Subsequently, in addition to prohibiting the use of biometric identifiers without the consent of an Illinois resident, the BIPA also forbids businesses from selling, leasing, trading, or profiting in any tangible way from the biometric information of Illinois consumers. On top of this, private entities are also banned from circumventing this rule by obtaining consent from an individual prior to selling their biometric data. Furthermore, the lawsuit goes on to state that even if Youtube had obtained consent to both collect and sell the biometric information of the numerous defendants associated with the case, such actions “would still be a legally insufficient disclosure to the individual whose image was captured and stored within the video.”

Profit vs. Privacy

As is the case with other major businesses and corporations that have been found to have violated U.S. state privacy laws such as the Illinois BIPA, the actions that have been deemed illegal within the state as it pertains to the collection and sale of biometric information are perfectly legally in virtually every other nation or jurisdiction around the world. For reference, very few U.S. states have passed any major form of data privacy law as of 2022, much less legislation that relates specifically to the protection of biometric data. Moreover, there is a general lack of biometric data protection legislation on a global scale as well, as the issue of biometric information privacy has not gained much attention when compared to other similar issues that fall under the umbrella of personal data protection.

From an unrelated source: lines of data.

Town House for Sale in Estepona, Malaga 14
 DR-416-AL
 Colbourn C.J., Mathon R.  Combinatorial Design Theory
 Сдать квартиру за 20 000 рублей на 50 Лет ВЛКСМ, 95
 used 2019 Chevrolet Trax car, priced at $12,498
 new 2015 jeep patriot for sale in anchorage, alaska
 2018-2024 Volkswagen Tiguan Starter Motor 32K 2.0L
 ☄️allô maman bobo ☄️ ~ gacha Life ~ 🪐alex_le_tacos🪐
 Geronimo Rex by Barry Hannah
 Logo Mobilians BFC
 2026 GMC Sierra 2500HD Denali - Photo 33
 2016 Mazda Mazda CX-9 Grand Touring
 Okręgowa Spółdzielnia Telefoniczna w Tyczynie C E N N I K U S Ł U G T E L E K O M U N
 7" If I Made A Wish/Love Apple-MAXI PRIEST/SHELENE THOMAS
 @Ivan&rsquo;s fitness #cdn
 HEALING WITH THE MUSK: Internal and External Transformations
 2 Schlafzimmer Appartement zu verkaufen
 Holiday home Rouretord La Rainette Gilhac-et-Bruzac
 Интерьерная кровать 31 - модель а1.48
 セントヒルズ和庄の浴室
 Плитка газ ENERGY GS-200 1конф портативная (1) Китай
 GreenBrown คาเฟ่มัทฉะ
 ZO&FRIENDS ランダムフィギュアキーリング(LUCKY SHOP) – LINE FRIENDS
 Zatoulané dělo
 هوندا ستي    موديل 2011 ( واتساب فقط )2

Penalties for violating the BIPA

While the state of Illinois is unique in being one of a handful of jurisdictions around the nation to have enacted a biometric data protection law, residents within the state also retain the right to bring forth private right-of-action lawsuits against businesses they suspect have violated the rights they are entitled to under the BIPA. This is in contrast to many data privacy regulations around the world in general, as even the EU’s landmark GDPR does not permit residents of EU member states to bring forth individual lawsuits against organizations that violate their rights, giving Illinois residents the opportunity to receive compensation and justice in the manner they most see fit.

In spite of the fact that the state of Illinois was very much ahead of its time when it enacted the BIPA in 2008, the decision that the state legislature made at that time has paid dividends for residents in the present day. Likewise, the rise in facial recognition software in the past decade has left many citizens around the world open to newfound violations of their personal data and privacy, as developments that have been made within the fields of artificial intelligence and machine learning have ushered in a new wave of technology that has never been seen before in human history. As such, the BIPA will likely continue to influence the enactment of further biometric data privacy laws for years to come.